** Opening EXERCISE DATA block **
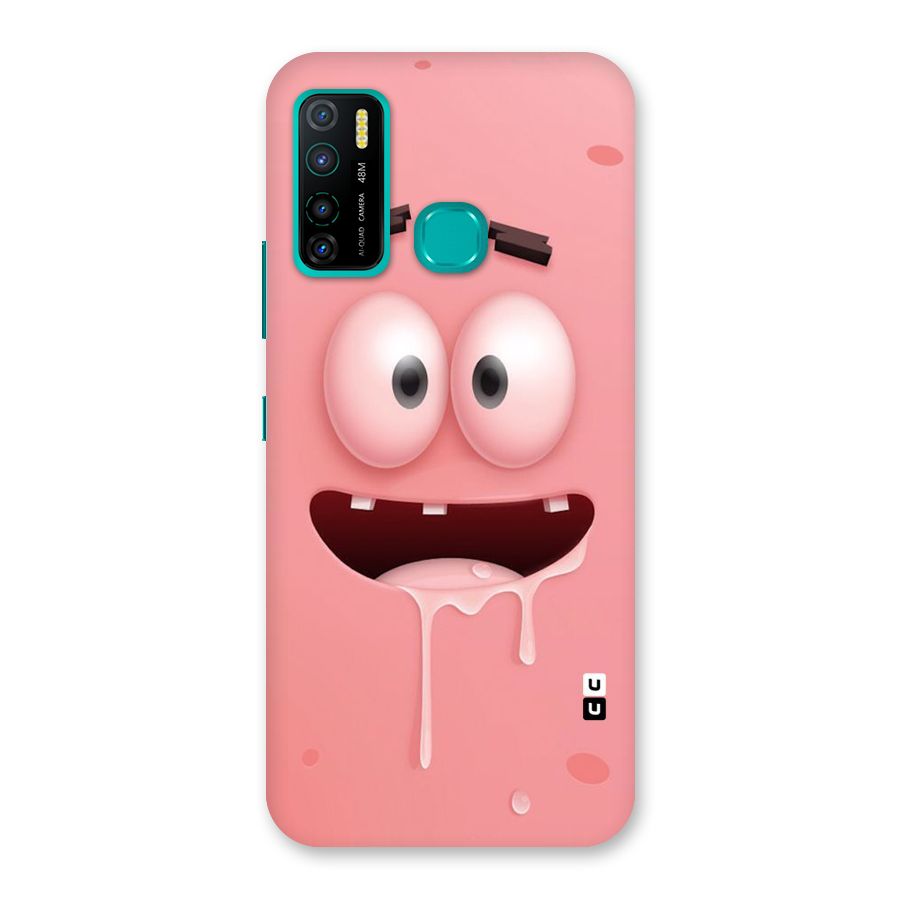 Watery Mouth Back Case for Infinix Hot 9 Pro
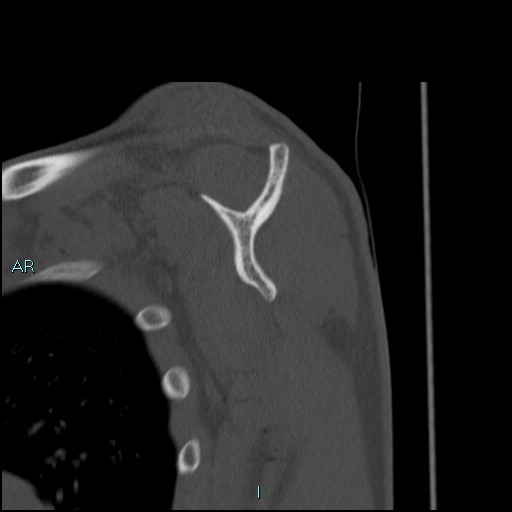 File:Avascular necrosis after fracture dislocations of the proximal humerus (Radiopaedia 88078-104653 Sagittal bone window 46).jpg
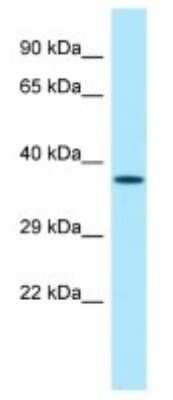 Western Blot: ZNF185 Antibody [NBP3-10319] - Western blot analysis of ZNF185 in Mouse Stomach lysates. Antibody dilution at 1.0ug/ml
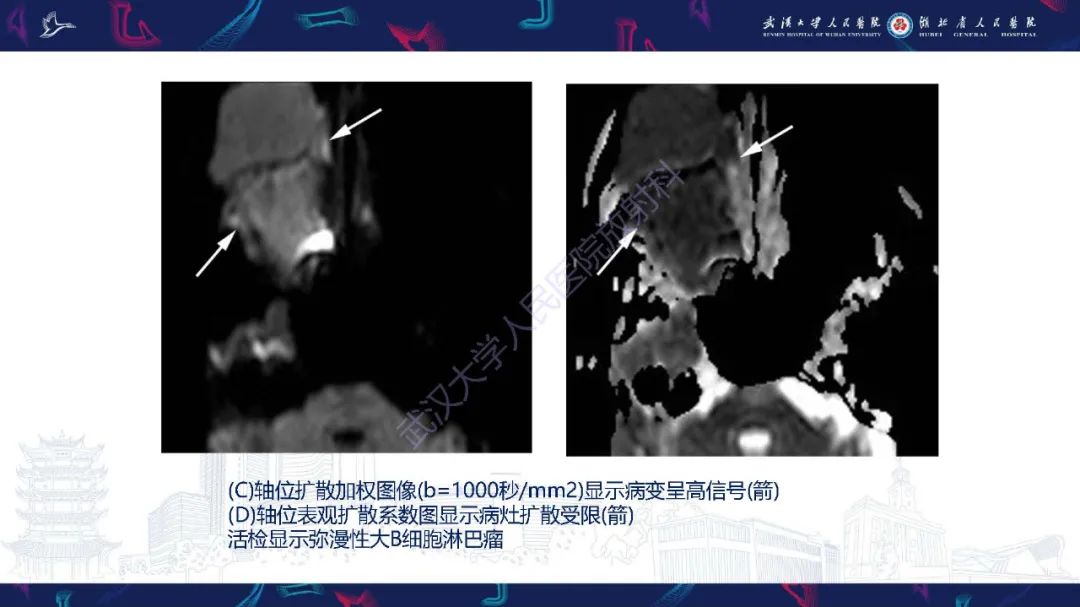 影像PPT - 【PPT】累及颅面部的系统性疾病影像诊断-19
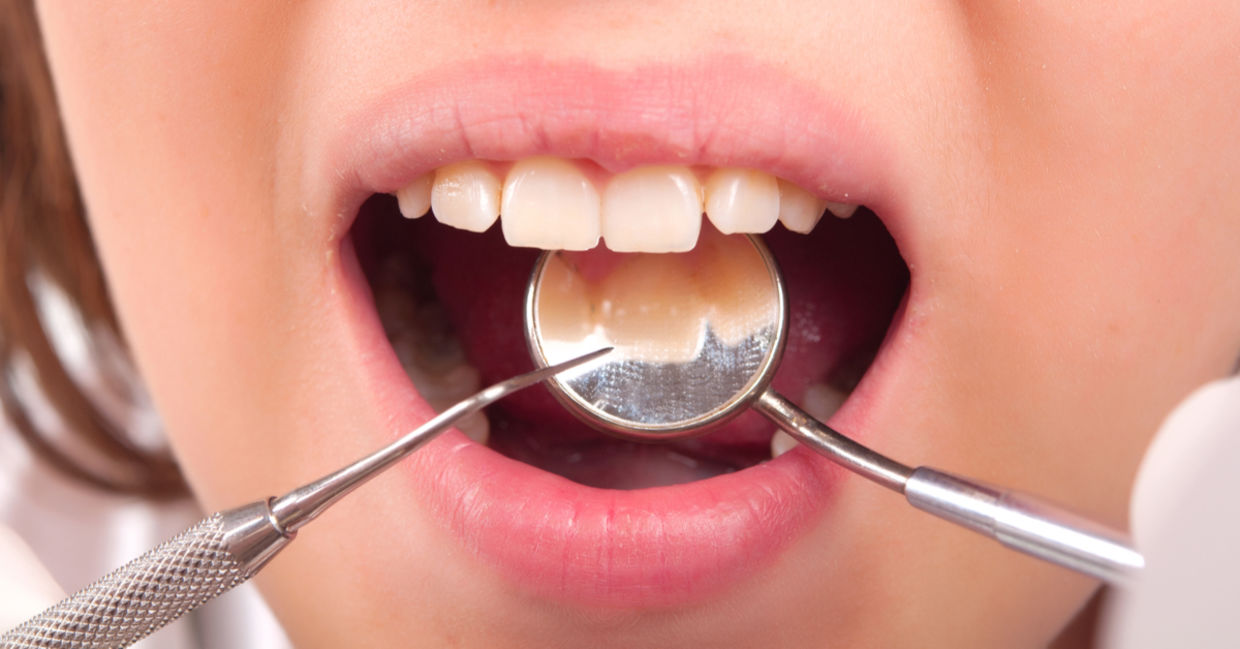 用芦荟汁冲洗可以防止牙菌斑。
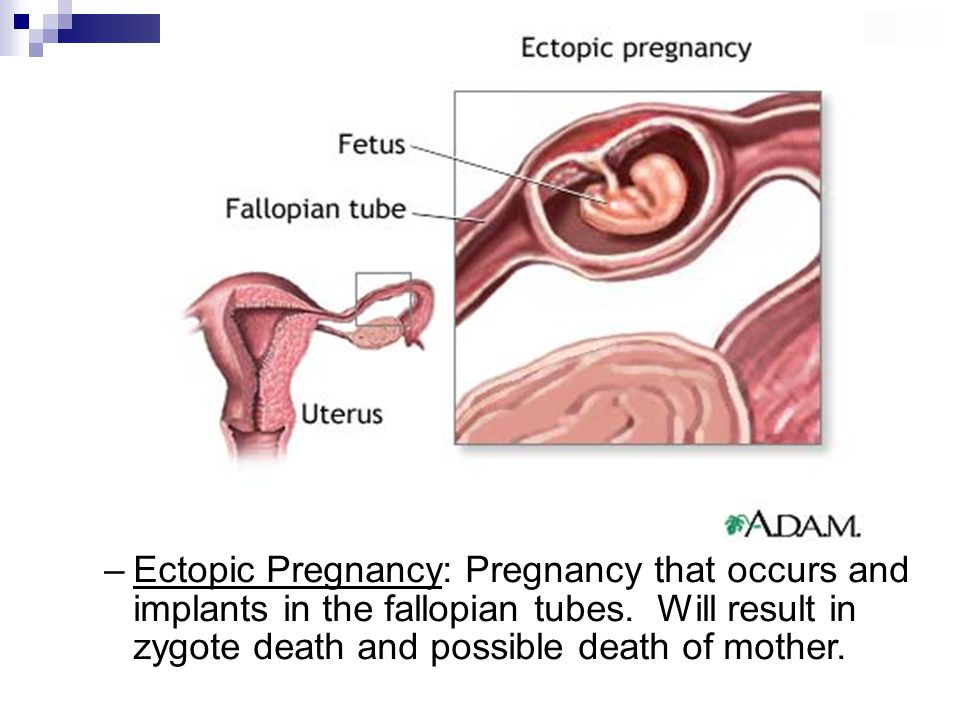 Bleeding during ectopic pregnancy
** Closing EXERCISE DATA block **
▶ _BRIEF_
Pictures aside, retype all of the entries word for word.

▶ _WRITTEN ANSWER_
 Watery Mouth Back Case for Infinix Hot 9 Pro
 File:Avascular necrosis after fracture dislocations of the proximal humerus (Radiopaedia 88078-104653 Sagittal bone window 46).jpg
 Western Blot: ZNF185 Antibody [NBP3-10319] - Western blot analysis of ZNF185 in Mouse Stomach lysates. Antibody dilution at 1.0ug/ml
 影像PPT - 【PPT】累及颅面部的系统性疾病影像诊断-19
 用芦荟汁冲洗可以防止牙菌斑。
 Bleeding during ectopic pregnancy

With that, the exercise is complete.